[ovs-dev] [cmap v2 1/2] cmap: New module for cuckoo hash table.
Ben Pfaff
blp at nicira.com
Tue May 20 16:12:23 UTC 2014
On Fri, May 16, 2014 at 04:38:02PM -0700, Jarno Rajahalme wrote:
> Acked-by: Jarno Rajahalme <jrajahalme at nicira.com>
Thanks.
> Some comments below, though,
Responses below.
(It would be easier to spot your comments if you trimmed more
carefully.)
> On May 8, 2014, at 4:50 PM, Ben Pfaff <blp at nicira.com> wrote:
> > +/* The implementation of a concurrent hash map. */
> > +struct cmap_impl {
> > + unsigned int n; /* Number of in-use elements. */
> > + unsigned int max_n; /* Max elements before enlarging. */
> > + unsigned int max_load; /* Max load as fraction of UINT32_MAX. */
>
> This seems to be a constant, or is this changeable through the API? I
> see that space saving is not an issue here, so maybe this does not
> matter.
You're right, it is now a constant. The previously posted version had a
user-controllable max load. I removed that for this version but forgot
to remove this and a few other bits that were necessary to make it
user-controllable.
I folded in the following incremental:
diff --git a/lib/cmap.c b/lib/cmap.c
index c974a13..91c7d04 100644
--- a/lib/cmap.c
+++ b/lib/cmap.c
@@ -147,18 +147,17 @@ BUILD_ASSERT_DECL(sizeof(struct cmap_bucket) == CACHE_LINE_SIZE);
/* Default maximum load factor (as a fraction of UINT32_MAX + 1) before
* enlarging a cmap. Reasonable values lie between about 75% and 93%. Smaller
* values waste memory; larger values increase the average insertion time. */
-#define CMAP_DEFAULT_MAX_LOAD ((uint32_t) (UINT32_MAX * .85))

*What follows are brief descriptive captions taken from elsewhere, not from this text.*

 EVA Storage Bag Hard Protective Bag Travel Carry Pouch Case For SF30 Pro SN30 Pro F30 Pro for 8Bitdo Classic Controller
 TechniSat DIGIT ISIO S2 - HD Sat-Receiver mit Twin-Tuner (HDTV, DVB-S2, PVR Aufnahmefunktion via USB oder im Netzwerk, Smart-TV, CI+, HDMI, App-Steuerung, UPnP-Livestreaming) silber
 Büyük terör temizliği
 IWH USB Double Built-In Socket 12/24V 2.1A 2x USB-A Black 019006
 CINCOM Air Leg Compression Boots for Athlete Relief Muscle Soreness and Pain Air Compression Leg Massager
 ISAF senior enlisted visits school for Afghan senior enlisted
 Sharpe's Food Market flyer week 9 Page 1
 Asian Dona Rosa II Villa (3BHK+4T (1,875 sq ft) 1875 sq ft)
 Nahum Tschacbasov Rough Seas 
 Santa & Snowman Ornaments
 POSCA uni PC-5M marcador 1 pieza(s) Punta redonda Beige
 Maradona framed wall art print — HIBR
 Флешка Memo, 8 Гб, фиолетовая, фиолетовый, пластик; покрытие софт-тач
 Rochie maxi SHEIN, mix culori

+#define CMAP_MAX_LOAD ((uint32_t) (UINT32_MAX * .85))
/* The implementation of a concurrent hash map. */
struct cmap_impl {
unsigned int n; /* Number of in-use elements. */
unsigned int max_n; /* Max elements before enlarging. */
- unsigned int max_load; /* Max load as fraction of UINT32_MAX. */
uint32_t mask; /* Number of 'buckets', minus one. */
uint32_t basis; /* Basis for rehashing client's hash values. */
/* Padding to make cmap_impl exactly one cache line long. */
- uint8_t pad[CACHE_LINE_SIZE - sizeof(unsigned int) * 5];
+ uint8_t pad[CACHE_LINE_SIZE - sizeof(unsigned int) * 4];
struct cmap_bucket buckets[];
};
@@ -190,13 +189,13 @@ cmap_get_impl(const struct cmap *cmap)
}
static uint32_t
-calc_max_n(uint32_t mask, uint32_t max_load)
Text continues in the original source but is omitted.